Fiddling with Vivaldi
Classic concertos get an electrifying new lease on life
Marc Shulgold, Rocky Mountain News
Published April 5, 2006 at midnight
We've come to expect off-the-wall music from Gregory Walker, the guy who penned Dream N. the Hood, billed as the first rap symphony.
But this time the Boulder-based violinist/composer may have outdone himself.

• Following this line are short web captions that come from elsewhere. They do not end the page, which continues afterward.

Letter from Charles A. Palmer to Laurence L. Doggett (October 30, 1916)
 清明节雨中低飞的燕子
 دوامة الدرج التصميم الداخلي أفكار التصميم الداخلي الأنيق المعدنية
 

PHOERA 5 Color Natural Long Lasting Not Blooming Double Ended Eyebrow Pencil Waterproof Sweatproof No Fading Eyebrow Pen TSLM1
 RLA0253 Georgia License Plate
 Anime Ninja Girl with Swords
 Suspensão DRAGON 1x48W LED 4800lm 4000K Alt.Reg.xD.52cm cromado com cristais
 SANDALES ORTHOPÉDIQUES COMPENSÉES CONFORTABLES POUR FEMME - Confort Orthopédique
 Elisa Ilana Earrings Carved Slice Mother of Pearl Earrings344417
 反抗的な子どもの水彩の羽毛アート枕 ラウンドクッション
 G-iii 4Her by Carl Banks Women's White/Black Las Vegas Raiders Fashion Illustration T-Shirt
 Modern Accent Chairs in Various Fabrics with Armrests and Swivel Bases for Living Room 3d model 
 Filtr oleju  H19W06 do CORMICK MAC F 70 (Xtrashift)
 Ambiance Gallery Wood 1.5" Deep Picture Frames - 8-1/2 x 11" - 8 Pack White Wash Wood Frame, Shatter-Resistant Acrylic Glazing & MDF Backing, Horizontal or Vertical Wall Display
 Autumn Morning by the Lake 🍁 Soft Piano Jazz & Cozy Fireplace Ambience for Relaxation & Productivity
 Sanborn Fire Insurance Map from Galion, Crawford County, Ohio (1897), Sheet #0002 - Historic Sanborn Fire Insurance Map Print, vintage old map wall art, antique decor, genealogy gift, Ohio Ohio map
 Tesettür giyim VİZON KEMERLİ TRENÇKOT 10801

Walker has created an electronic reworking of Vivaldi's beloved Four Seasons in which the solo fiddle embarks on a weird and wild sonic adventure.
This is no gimmick, Walker insisted.
"I think we're just following the composer's intentions," said the violinist, who'll play his re-arrangements of two of the picturesque concertos with the Boulder Chamber Orchestra Thursday on the Auraria campus and Friday in Boulder.
The violinist, who serves as concertmaster of the Boulder Philharmonic, has already recorded this re-examination of The Four Seasons with that orchestra in a disc titled Electric Vivaldi (Newport Classic). Each concerto is prefaced with an electronically altered recitation of the sonnets included in the original score.
Some may question the validity of such a venture. Not Walker, who views the Baroque master as an inveterate experimenter.
"Vivaldi was always striving for the synthetic in his music," he said, pointing to the composer's fondness for all manner of sound-altering violin mutes, and to a concerto that called for two violini in tromba marina - "violins in the manner of a trumpet marine."
Popular briefly during the Baroque, the trumpet marine was a large, long-necked instrument with a single string and partially attached, vibrating bridge. When bowed, it sounded trumpet-like.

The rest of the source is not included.